▸ **Instructions for the task**
Lines from the one with "Hình ảnh Chân" up to and including the one with "2014 Toyota Sequoia" are to be copied exactly from the records below, without their pictures.
*** Data to process ***
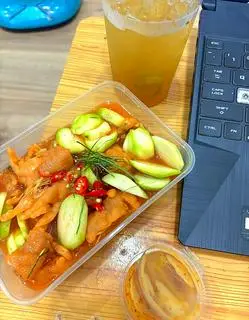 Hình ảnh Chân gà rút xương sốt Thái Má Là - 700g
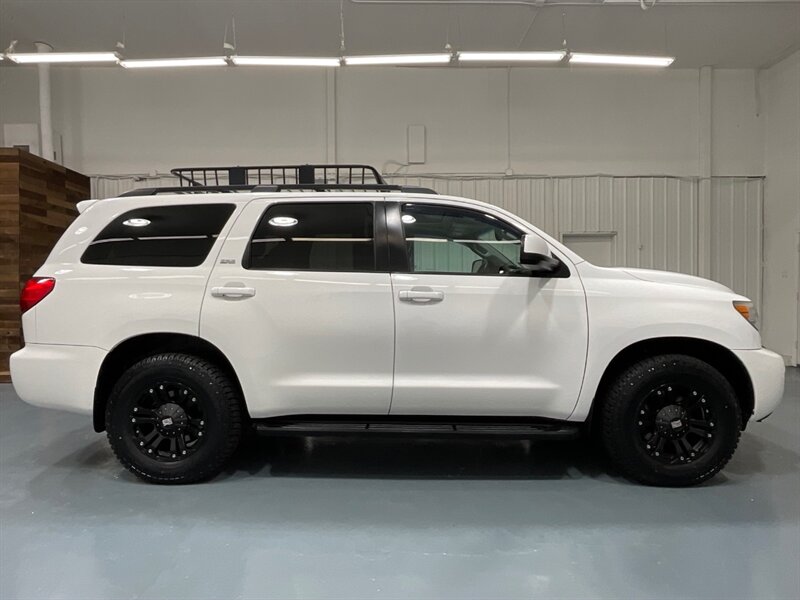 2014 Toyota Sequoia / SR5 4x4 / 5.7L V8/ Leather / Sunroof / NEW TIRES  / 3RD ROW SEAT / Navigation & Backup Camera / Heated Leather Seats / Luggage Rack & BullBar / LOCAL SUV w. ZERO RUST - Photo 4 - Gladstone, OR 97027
*** End of Data to process ***
*** Data to process ***
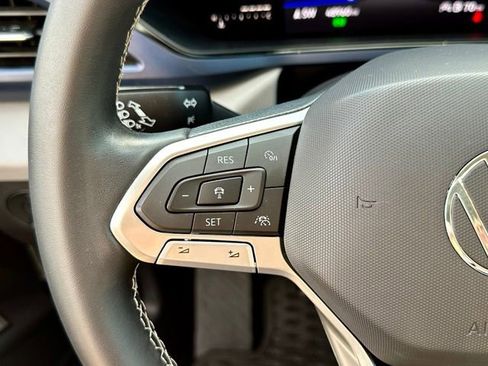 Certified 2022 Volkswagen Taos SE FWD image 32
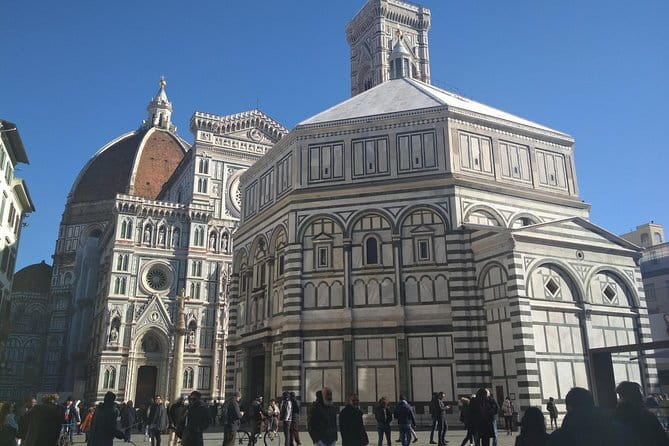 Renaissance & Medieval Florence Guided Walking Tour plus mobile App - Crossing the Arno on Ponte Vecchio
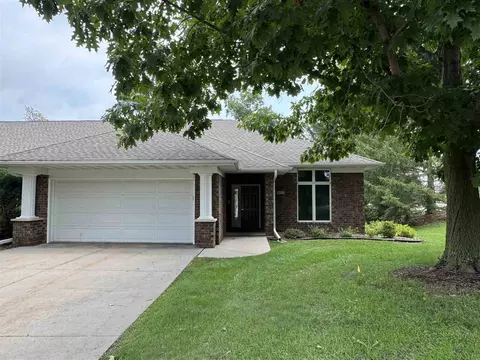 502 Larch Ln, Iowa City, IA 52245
*** End of Data to process ***
▸ **Answer section**
 Hình ảnh Chân gà rút xương sốt Thái Má Là - 700g
 2014 Toyota Sequoia / SR5 4x4 / 5.7L V8/ Leather / Sunroof / NEW TIRES  / 3RD ROW SEAT / Navigation & Backup Camera / Heated Leather Seats / Luggage Rack & BullBar / LOCAL SUV w. ZERO RUST - Photo 4 - Gladstone, OR 97027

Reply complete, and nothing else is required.